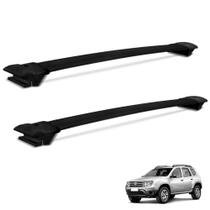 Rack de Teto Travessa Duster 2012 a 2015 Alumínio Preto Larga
...
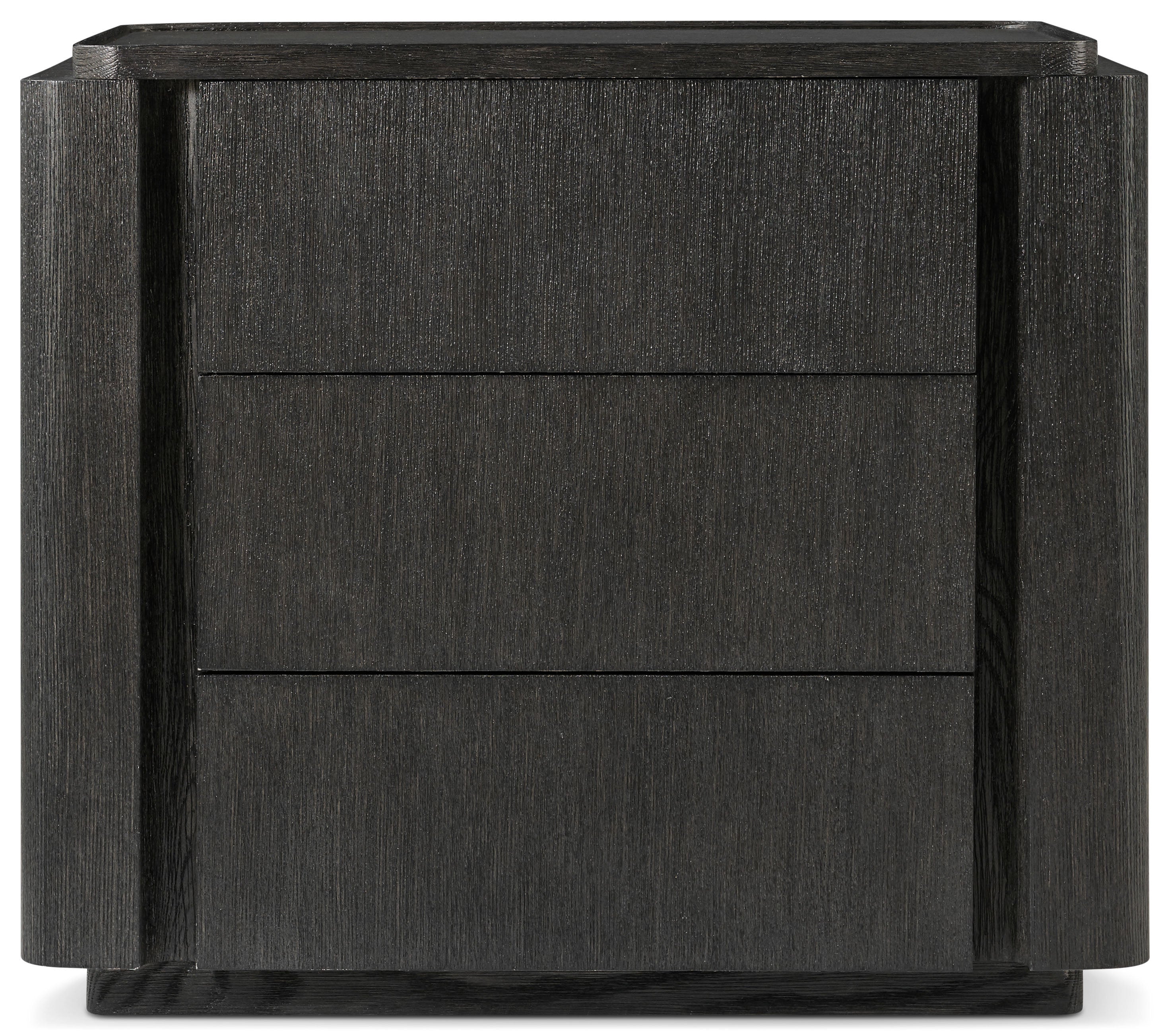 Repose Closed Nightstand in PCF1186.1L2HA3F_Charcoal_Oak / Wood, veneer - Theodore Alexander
---
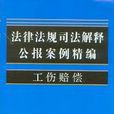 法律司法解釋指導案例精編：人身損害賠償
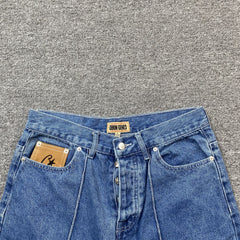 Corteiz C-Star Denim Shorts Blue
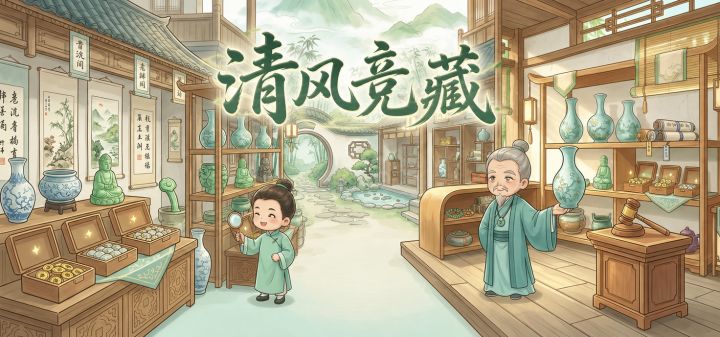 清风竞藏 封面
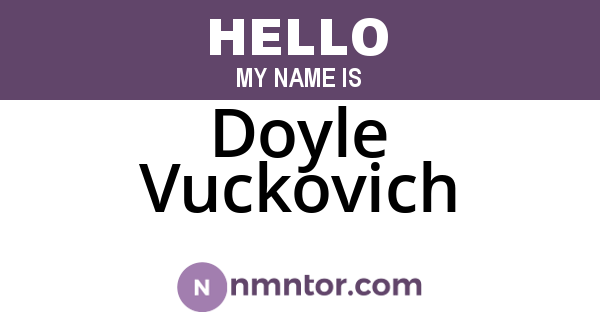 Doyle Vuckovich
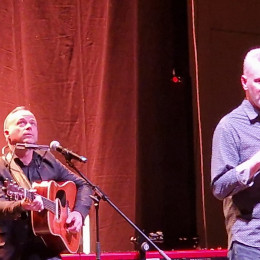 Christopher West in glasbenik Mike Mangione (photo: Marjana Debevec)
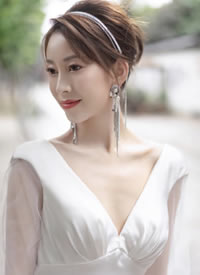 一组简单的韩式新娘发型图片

Work required:
Using the entries above, reproduce word for word only the lines from the one that contains "Corteiz C-Star Denim Shorts Blue" to the one that contains "一组简单的韩式新娘发型图片", both ends included, and drop every picture.

Answer space:
 Corteiz C-Star Denim Shorts Blue
 清风竞藏 封面
 Doyle Vuckovich
 Christopher West in glasbenik Mike Mangione (photo: Marjana Debevec)
 一组简单的韩式新娘发型图片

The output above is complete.